Traceback (most recent call last):
  File "/home/pierre/Documents/GitHub/yolov3-tf2/tensorrt.py", line 23, in <module>
    converter.save(saved_model_dir_trt)
  File "/home/pierre/Programs/anaconda3/envs/Deep2/lib/python3.6/site-packages/tensorflow/python/compiler/tensorrt/trt_convert.py", line 822, in save
    super(TrtGraphConverter, self).save(output_saved_model_dir)
  File "/home/pierre/Programs/anaconda3/envs/Deep2/lib/python3.6/site-packages/tensorflow/python/compiler/tensorrt/trt_convert.py", line 432, in save
    importer.import_graph_def(self._converted_graph_def, name="")
  File "/home/pierre/Programs/anaconda3/envs/Deep2/lib/python3.6/site-packages/tensorflow/python/util/deprecation.py", line 507, in new_func
    return func(*args, **kwargs)
  File "/home/pierre/Programs/anaconda3/envs/Deep2/lib/python3.6/site-packages/tensorflow/python/framework/importer.py", line 431, in import_graph_def
    raise ValueError(str(e))
ValueError: Input 1 of node StatefulPartitionedCall was passed float from conv2d/kernel:0 incompatible with expected resource.

Does this mean that some of my nodes can't be converted? In this case, why does my code error out during the .save step?

回答1:

I ended up solving this issue with the following code.
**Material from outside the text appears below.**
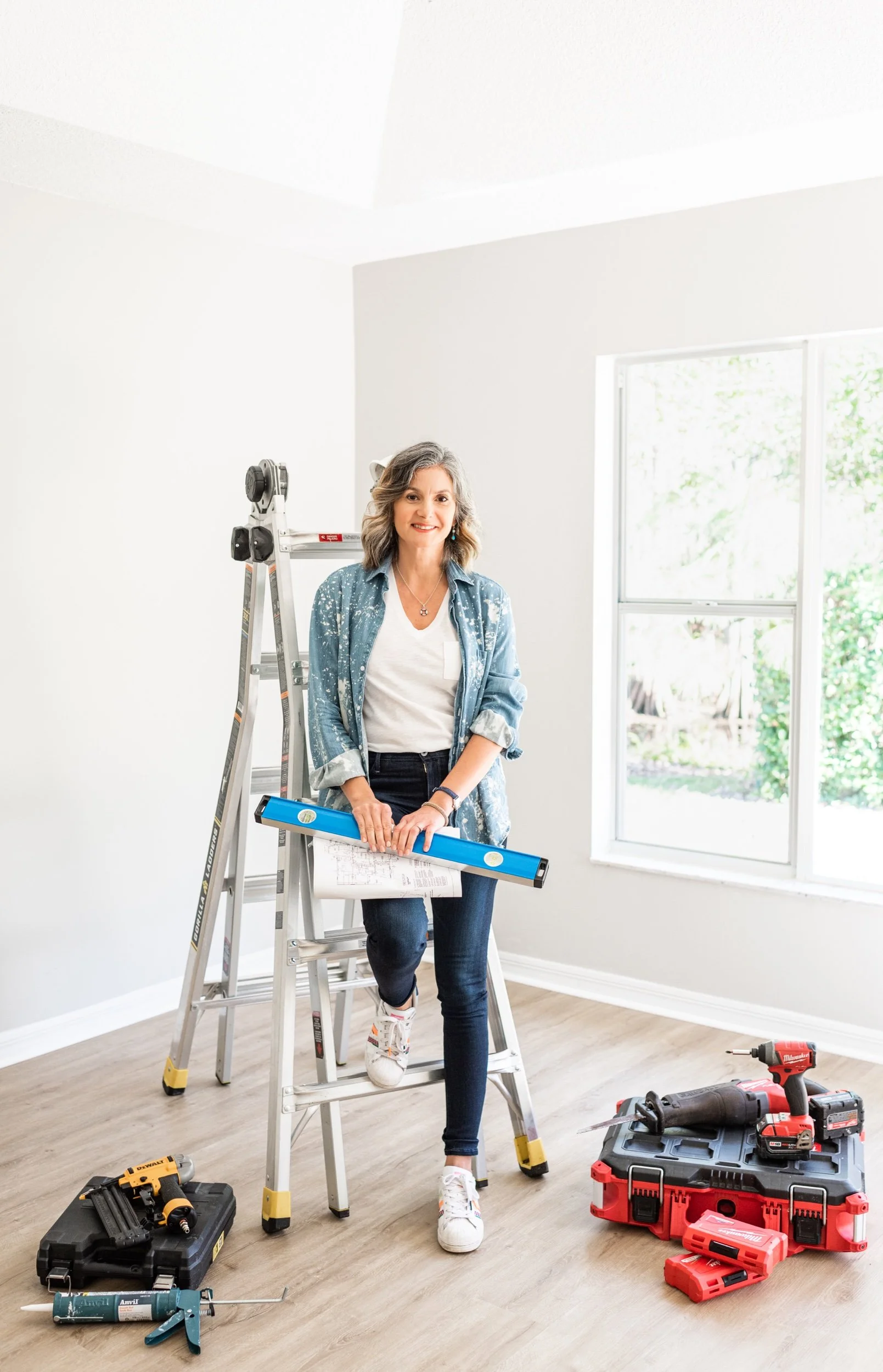 Tampa Brand Photoshoot for Residential Contractor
Also I switched from tf 2.0.-beta0 to tf-nightly-gpu-2.0-preview

params = trt.DEFAULT_TRT_CONVERSION_PARAMS._replace(
    precision_mode='FP16',
    is_dynamic_op=True)
    
converter = trt.TrtGraphConverterV2(
    input_saved_model_dir=saved_model_dir,
    conversion_params=params)
converter.convert()
saved_model_dir_trt = "/tmp/model.trt"
converter.save(saved_model_dir_trt)

thanks for your help



回答2:

When you are using TensorRT please keep in mind that there might be unsupported layers in your model architecture. There is TensorRT support matrix for your reference. YOLO consist a lot of unimplemented custom layers such as "yolo layer".
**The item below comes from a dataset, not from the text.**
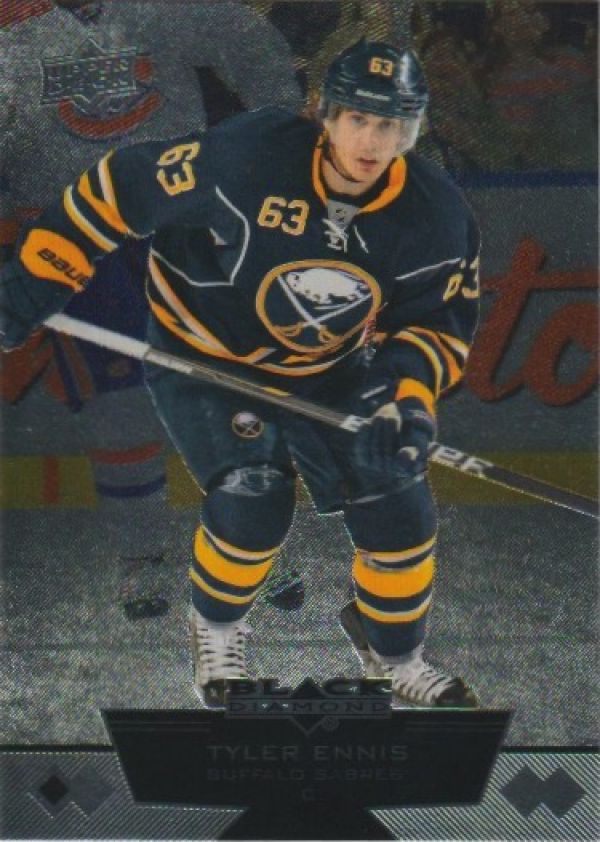 NHL 2012-13 Black Diamond - No. 54 - Tyler Ennis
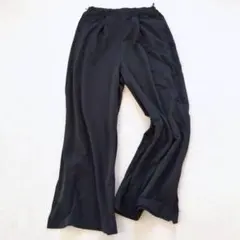 新品タグ付き✨ドゥエセイ◇ワイドリラックスパンツ 裏起毛 カジュアル M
So, if you want to convert YOLO to TensorRT optimized model, you need to choose from alternative ways.

  1. Try TF-TRT which optimizes and executes compatible subgraphs, allowing TensorFlow to execute the remaining graph. While you can still use TensorFlow's wide and flexible feature set, TensorRT will parse the model and apply optimizations to the portions of the graph wherever possible.
  2. Implement your custom layers with Plugin API like this example.


回答3:

Might be a bit of a reach, but which gpu are you using? I know that precision_mode="FP16" is just supported in certain architectures, like Pascal (tx2 series) and Turing (~2080 series). I've had good results porting from TF2 to trt with fp16.